The MSCI index of Asia-Pacific shares outside of Japan fell 0.13%, breaking a two-day winning streak and seemed destined to finish the year's final month in the red.


Australia's S&P/ASX 200 index fell 0.43% while Japan's Nikkei began 0.5% down.


The Hong Kong stock market began 1% higher while China's stock market was expected to open slightly down following China's declaration on Monday that it will no longer need incoming travelers to undergo quarantine beginning on January 8.


Expectations of a swift economic rebound have grown due to an infection peak that came sooner than expected.


Overnight, Wall Street declined as the U.S. Treasury yields put pressure on growth stocks that are sensitive to interest rates.


Investors have been attempting to predict how high the Federal Reserve will need to hike rates as it continues to tighten monetary policy in an effort to fight inflation without tipping the economy into a recession.


At 3.849%, the yield on 10-year Treasury bonds was down 0.9 basis points from the previous session's five-week high of 3.862%.


The yield on the 30-year Treasury bond decreased by 2.3 basis points to 3.920%, while the yield on the two-year U.S. Treasury bond decreased.
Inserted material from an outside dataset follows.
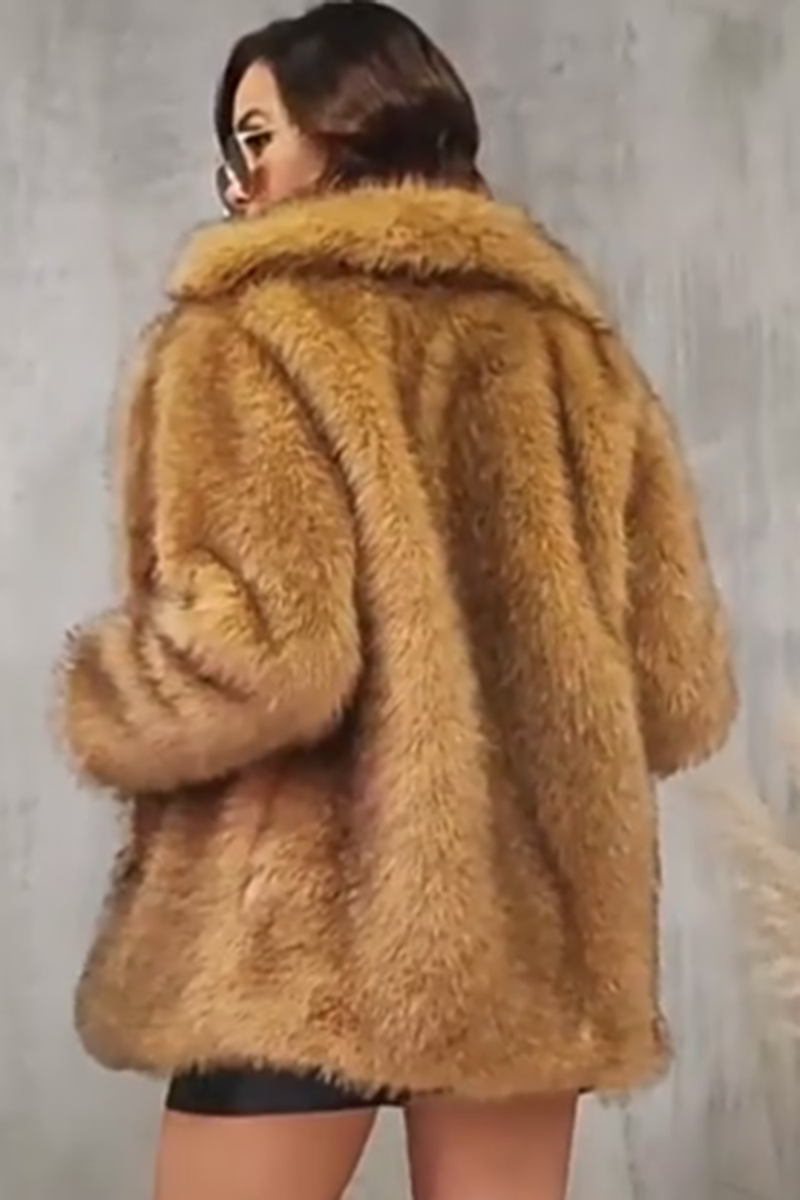 Load image into Gallery viewer, Brown Open Front Shaggy Faux Fur Women&#39;s Coat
These two yields often move in tandem with forecasts for interest rates.


A summary of thoughts from the Bank of Japan's December meeting, which was released on Wednesday, revealed that policymakers there considered the growing likelihood that increased wages will ultimately eliminate the possibility of a return to deflation.


The BOJ kept its ultra-easy policy at its meeting on December 19–20, but surprised the markets by changing its bond yield control strategy, allowing long-term interest rates to increase even further.


Investor attention will likely shift to who will run the BOJ after Governor Haruhiko Kuroda steps down in April, despite markets' growing hopes that the Japanese central bank will modify its stance.